Every year, in Farnham, we have a Heritage Open Weekend. It’s a time when people can peek inside heritage type buildings which are not normally open to the public. Or maybe to see features that the public didn’t realise were there. I’ve blogged about it before but we don’t manage to go every year so I figure it doesn’t hurt to include this short introduction.
And the first place we went to this year was Guitar Village. This is a shop that sells, you’ll never guess…guitars. All sorts of guitars, it’s true, but guitars none-the-less. While that’s not so remarkable, the fact that it’s hidden away just beyond the town centre and not necessarily prey to too much passing traffic and yet seems to flourish, is remarkable. And they are not new. The shop has been there since 1977 and doesn’t look like it’s moving any time soon. While they have been selling guitars since 1977, the building has a much longer history.

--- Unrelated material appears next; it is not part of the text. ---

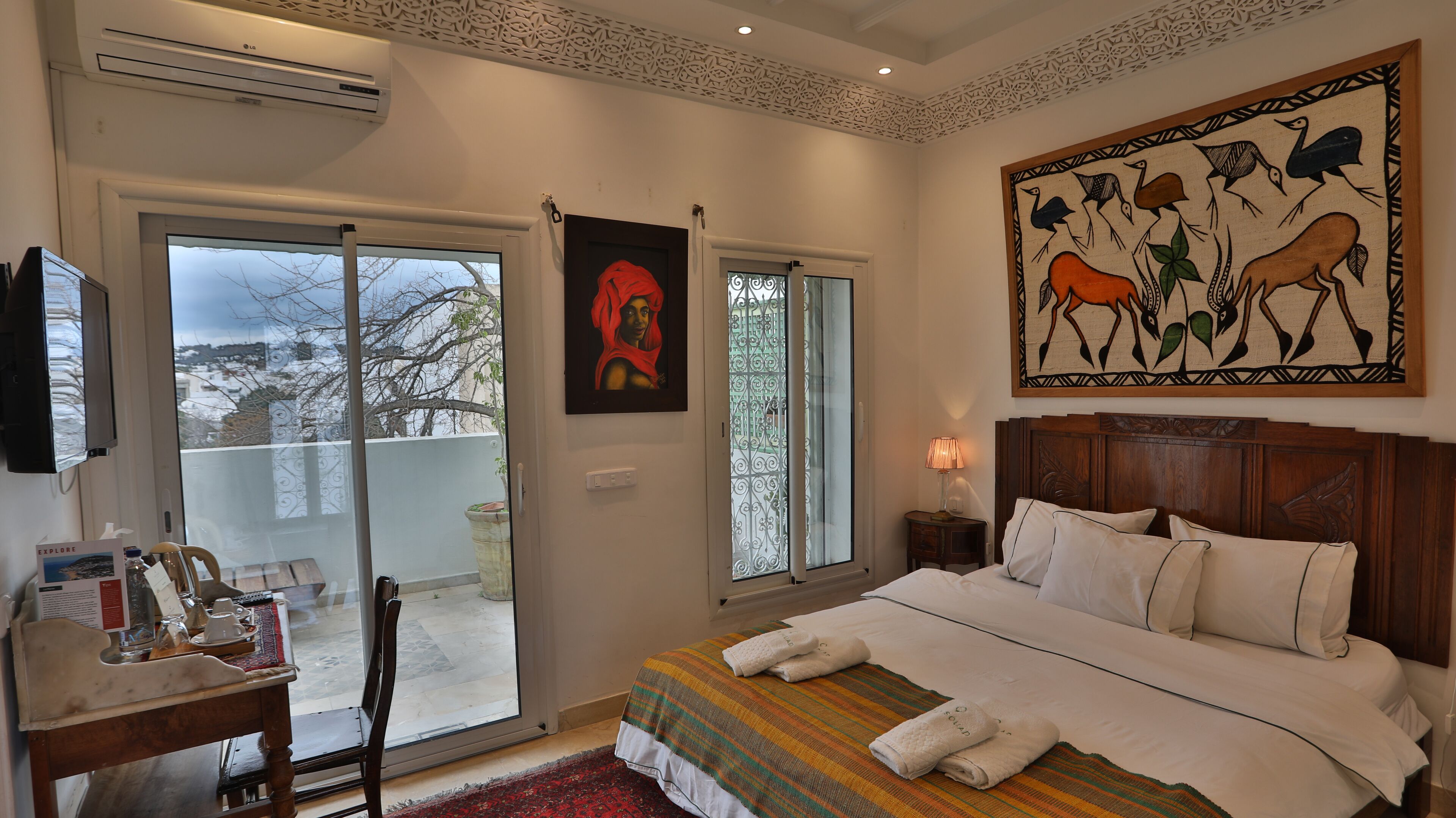 A hotel room with a bed, a TV, a window with a view of trees, and a painting on the wall.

It was a Wealdon house which was open halled and built in around 1467. There were some renovations during the Tudor period when the wattle and daub infill was replaced with bricks but, essentially, it hasn’t changed much.
At some point, lots of rooms were added and it’s a bit of a rabbit warren, particularly upstairs, where my favourite room is. It has the most extreme sloping floor I’ve ever seen in a standing building. Seriously, if you rolled over in bed, you’d fall out of the bed and only stop when you hit the wall at the front of the room. Amazing how it still works at all. You can’t really see it in the photo but the roof has some serious level problems as well.

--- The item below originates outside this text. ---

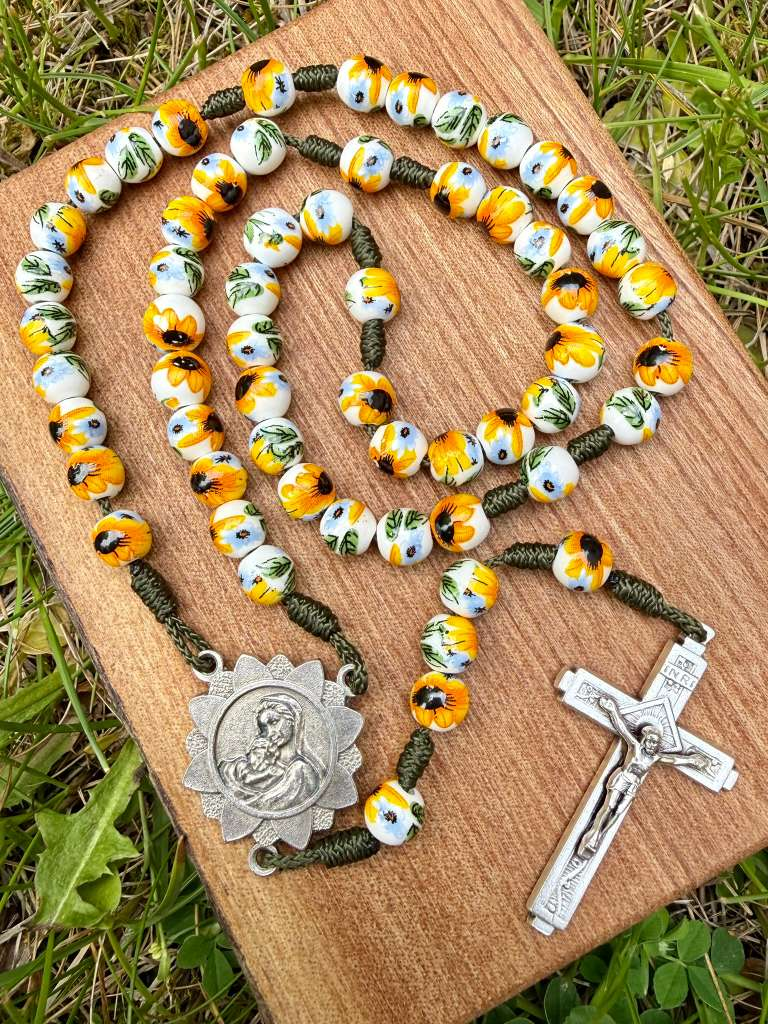 Porcelain sunflower Marian Catholic rosary with ornate five-decade design and Marian centerpiece, crafted by Liza Murphy.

We also popped into the library to see the Culver Room. It seems that Charles I stayed there on the way to London for his execution. We had an interesting chat with an old chap there who pointed out that West Street was most likely the main road from Winchester to London so it made sense for Chuck to stop off at Farnham, particularly given all the pubs.

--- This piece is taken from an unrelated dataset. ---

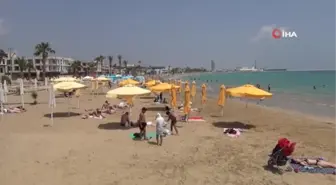 Mersinde oylarını kullananlar denize akın etti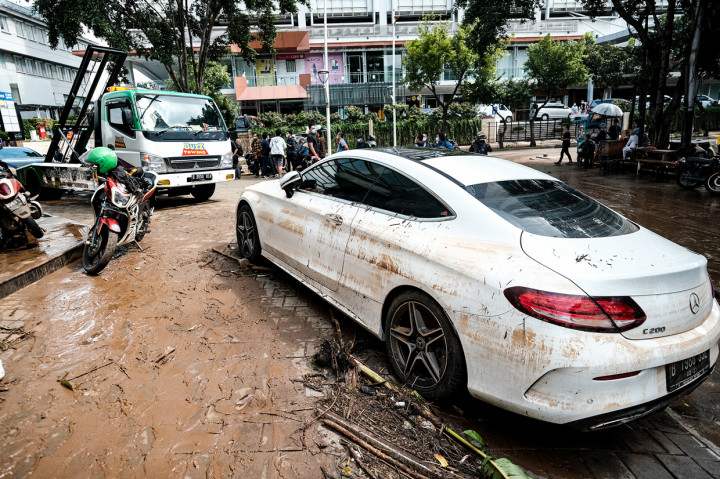 Meski banjir telah surut, kini lumpur memenuhi kawasan elite di Jakarta Selatan tersebut.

Speaking of pubs, we popped into the Wheatsheaf for a pint and were incredibly surprised. The last time we went in was over 10 years ago and it was a bit dark and gloomy and, frankly, uninviting. Mirinda claimed it was the sort of place you’d walk into and in the corner would be a couple of grizzly old men talking about boats in great detail. Well, not any more it isn’t. It’s been done up a treat (not in a bad way) and was very comfortable and welcoming.
We popped in and out of a few other buildings but the most impressive had to be the jewellery shop with the ornate plaster ceiling. Low down and detailed, the ceiling was the work of a Farnham man who was asked by the Earl of Shaftesbury to prepare an example before making him one at his house in Wimborne. The ceiling in the tiny shop was the example and the Earl liked it and ordered a full size one for his house.
The ceiling, made in the 17th century, was eventually covered over and forgotten until being rediscovered last century. Quite extraordinary.
Before heading back home, we popped around to the church but didn’t get to see the Teddy Bears Tower Leap.
I rather liked the fact that the gravestones and various memorials were being employed as seats and tables for the revellers and children.
After lunch we headed for Thursley where, like the little pest she is, Freya threw herself into the bog. Okay, it wasn’t all her fault. After all she was only following Emma but where the mud only reached halfway up Emma’s legs, it almost covered Freya.
Oddly, by the time we returned to the car she didn’t smell bad anymore, unlike Emma (and Carmen before her). Not that it prevented her getting a bath.